◆ **Provided data**:
◇ ◇ ◇ ◇ ◇
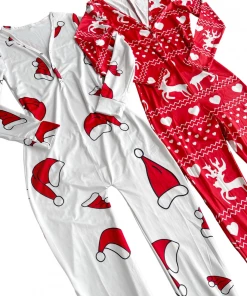 Lorlie JINGLE JAMMIES SEXY HOLIDAY ONESIE JUMPSUIT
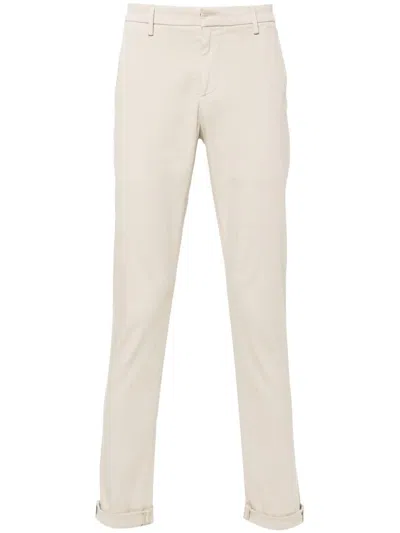 Dondup Gaubert Trousers In Neutrals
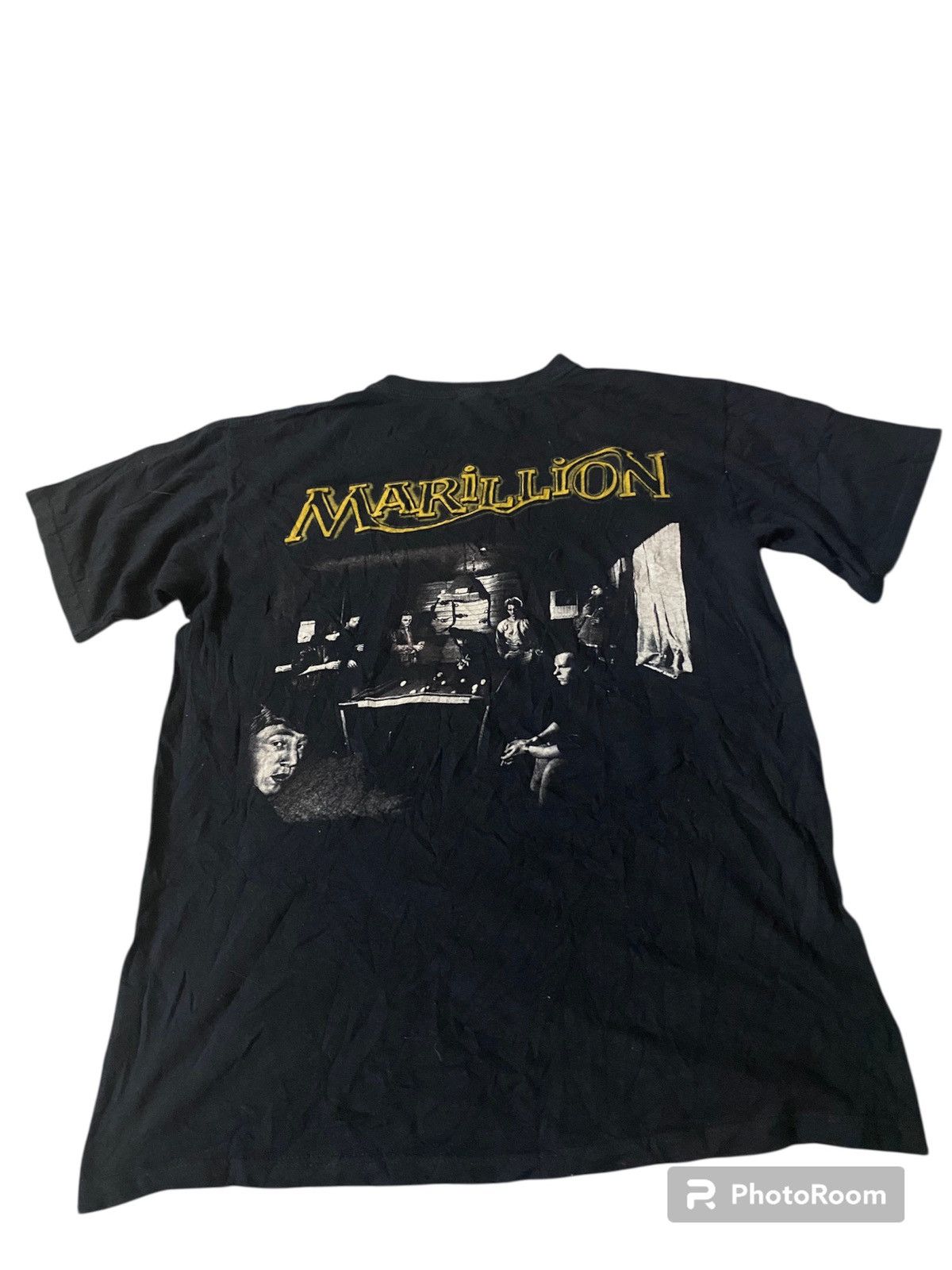 Anvil × Band Tees VINTAGE band Marillion Size US M / EU 48-50 / 2 - 2 Thumbnail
◇ ◇ ◇ ◇ ◇
◆ **Work instructions**:
Reproduce the data above exactly, leaving out any picture in it.

◆ **Written reply**:
 Lorlie JINGLE JAMMIES SEXY HOLIDAY ONESIE JUMPSUIT
 Dondup Gaubert Trousers In Neutrals
 Anvil × Band Tees VINTAGE band Marillion Size US M / EU 48-50 / 2 - 2 Thumbnail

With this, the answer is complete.